While I don’t have a screen
for a graphical user environment (like X), I do have screen
for the terminal, and it rocks.
Here’s how I use it; I have four primary email accounts, each with their own .muttrc
. I open a screen
session for each account, plus one session as a scratch pad, for the variety of non-mail activities that I do each day. (If you’re thinking that one session for all non-mail activities is too few, you’d be right most of the time, but I have a solution for that too.) I start all of these sessions by calling screen
with a special config file, which I call .myscreenrc
, to separate it from the regular .screenrc
. It looks like this:
autodetach on shell -$SHELL screen -t scratch screen -t uoft u screen -t nerd n screen -t witteman w screen -t woolgathering wg
The -t
option givens me a title for each session within screen
– which helps me keep everything straight. I call this with a line in my .xinitrc
, like so:
sleep 1 && urxvt -geometry 80x56+0+0 -e screen -c .myscreenrc &
The delay helps it come up after my backdrop is drawn, so I don’t have a blank behind my transparent terminal.
All of this is now nicely set up, and I am in mutt
(the last email account). I hop between instances in three ways: Ctrl-a "
for a list of sessions to scroll through, Ctrl-a '
and the number of the session I want to be in or Ctrl-a n
or Ctrl-a p
for the next and previous session. If I need a fresh session, it’s as easy as Ctrl-a c
.
There are a couple of problems with this setup. The mutt
sessions only lasts as long as mutt
is open, so if my fingers, from long training, close mutt
, then I lose that session as well, and I have to start it afresh. The solution, rather than training my fingers, was to prevent mutt
from closing. I remapped q
in the browser and index modes to be the equivalent of c?
, which means that I can only close mutt
from the pager by hitting x
. Fine by me, and it lets me have long-lived sessions.
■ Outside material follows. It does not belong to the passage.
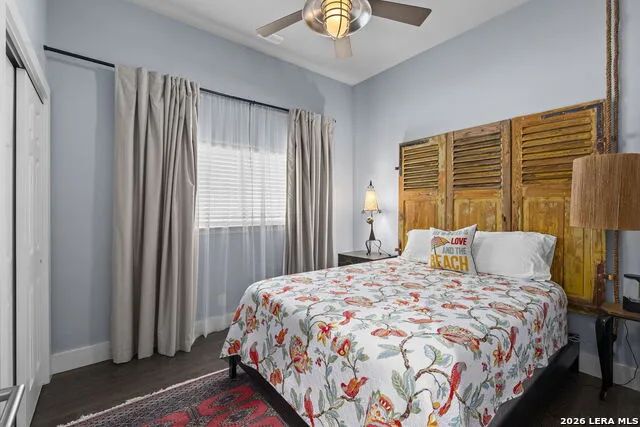 140 BAY HARBOR DR Aransas Pass, TX 78336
Now, whether I am sitting at my machine or ssh-ing in from work, I have all the same things at my disposal, and I can comfortably leave aspects of my work open when changing locations. If I have left my sessions running at home, I simply call screen -x
when at work, and I am in my familiar environment. If I have detached at home then screen -r
is the right call.
However, if I have detached at home and stopped my X session, I run into the other problem. When I started screen
via my .xinitrc
I also set the $DISPLAY
variable in each session. As such, when I am logged in remotely without X running, certain programs throw errors because I am not able to reach the X session. The sidestep for this is to unset DISPLAY
if I am going to be using programs that care about that variable, most notably vim
.
It sounds like work, but it is actually extremely sweet, and really easy.